Time of year makes a huge impact (pardon the pun) here in terms of traffic accidents. I am just a little surprised that October or November or December are not the worst of the lot. October and November are the two months which see the major influx of "snowbirds" escaping the coming winters of the northern states. These folks come down each year and have to remember where things are here. The year round residents tend to dodge and swerve a lot around snowbird cars driving slow and searching for the road to turn onto, or the store or restaurant they want to visit.

It is no surprise that U.S. 27 is heavily linked to accidents. The speed limit through the intersections mentioned in the story is 55 MPH except for the ones in Avon Park and Lake Placid and a short stretch (about 2 miles) in Sebring (50 MPH); those are 45 MPH zones.  One would think knowing one is approaching a dangerous intersection would be sufficient to induce an increase in caution. But, sadly, it does not.

I have a friend who thinks the speed limit is too high on 27. I tend to disagree. Primarily because there are two speed limits: the posted, legal, limit and the effective limit. The posted one is obvious but the effective one is determined by traffic flow and quantity. In the winter, the effective speed limit is just over 45 MPH along all of 27.  Reading the story, I found something I see all year long:

"A white older vehicle made a right-hand turn off of Sparrow Avenue to travel southbound on U.S. 27. At the same time, a silver sedan made a U-turn at the intersection, switching from northbound to southbound.

The two cars both headed for the middle southbound lane at the same time, but avoided colliding.

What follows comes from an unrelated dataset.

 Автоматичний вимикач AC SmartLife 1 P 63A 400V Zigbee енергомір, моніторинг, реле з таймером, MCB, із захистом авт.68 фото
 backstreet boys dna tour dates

The last sentence says it all... We have three lanes in each direction. The law actually states that a driver turning right onto a multi-lane road should stay in the rightmost lane and a driver turning left (or making a U-turn) should stay in the leftmost lane until they reach the speed of traffic. Most people do not follow the law, most swing wide and go almost immediately to the next lane over.

Personally, I think several intersections in our area should have U-turns restricted. Our laws in Florida permit U-turns anywhere that they are not posted as illegal. Because, apparently, we have a lot of places that one cannot simply turn left into but must travel to the next intersection and make a U-turn to get to.

The primary cause of accidents here (and, I am sure, everywhere else) is drivers. And we are not allowed to shoot them.